§ DIRECTIONS FOR THIS TASK:
Apart from the pictures, everything in the lines below must be printed exactly.

§ PROVIDED DATA:
==*==

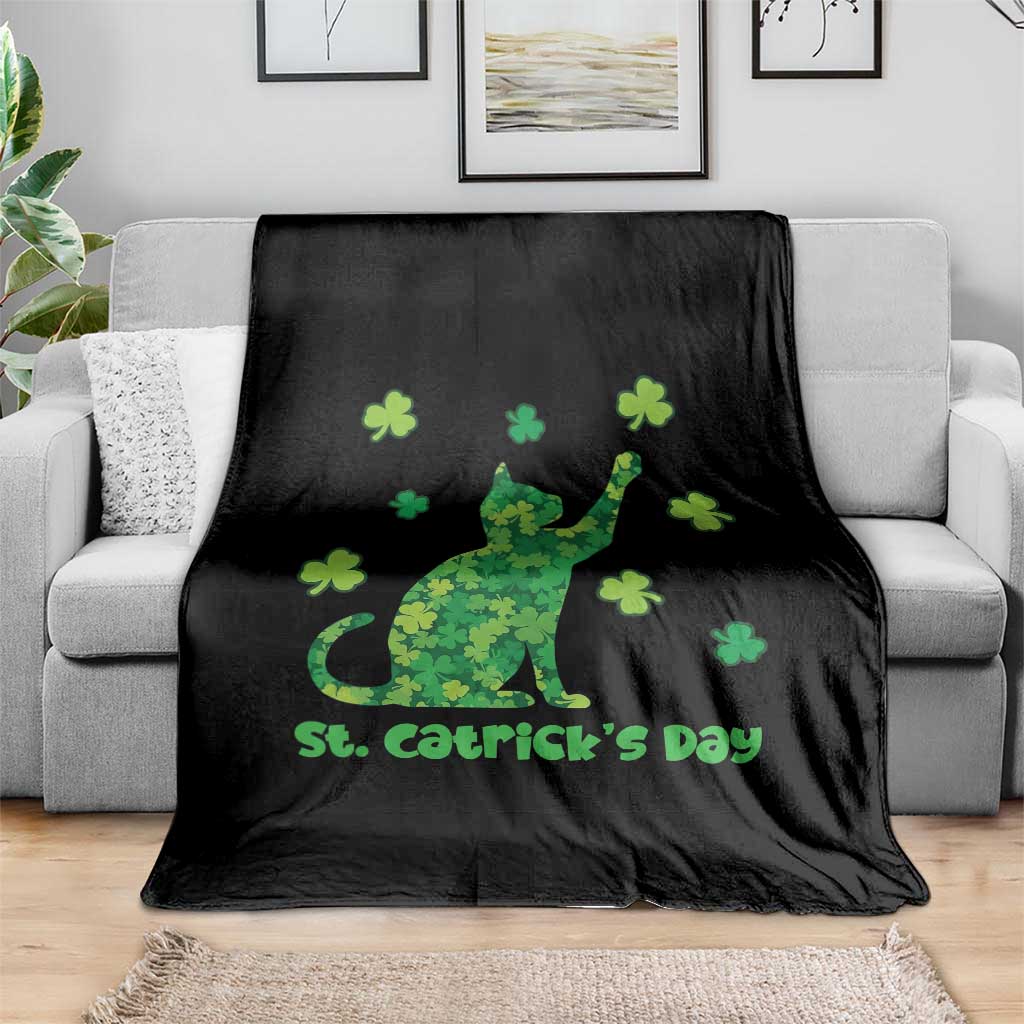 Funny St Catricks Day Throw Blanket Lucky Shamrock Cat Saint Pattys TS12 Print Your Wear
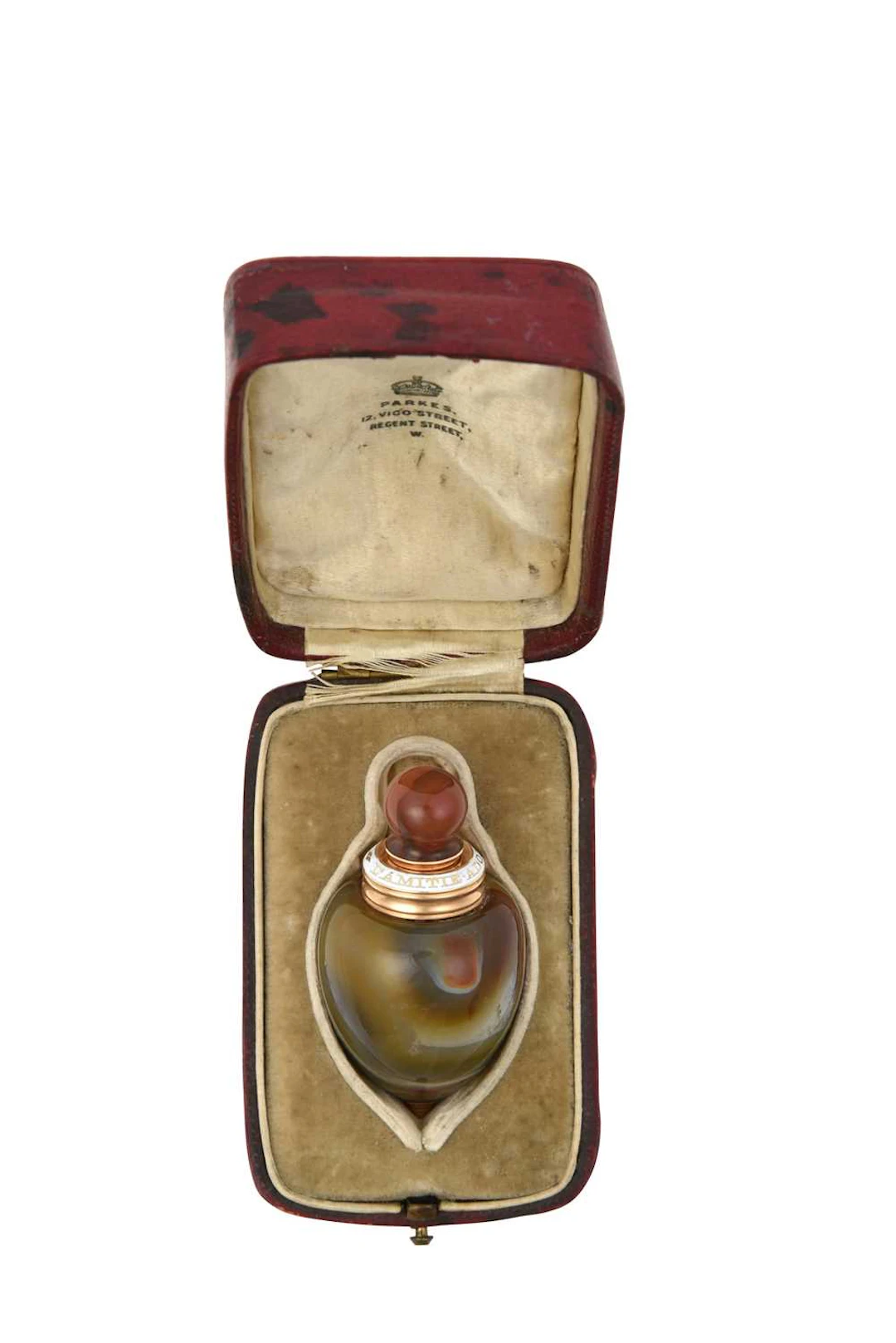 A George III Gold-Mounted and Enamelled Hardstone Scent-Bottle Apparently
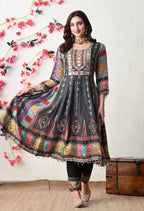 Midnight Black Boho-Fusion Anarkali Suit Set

==*==

§ RESPONSE FOR THIS EXERCISE:
 Funny St Catricks Day Throw Blanket Lucky Shamrock Cat Saint Pattys TS12 Print Your Wear
 A George III Gold-Mounted and Enamelled Hardstone Scent-Bottle Apparently
 Midnight Black Boho-Fusion Anarkali Suit Set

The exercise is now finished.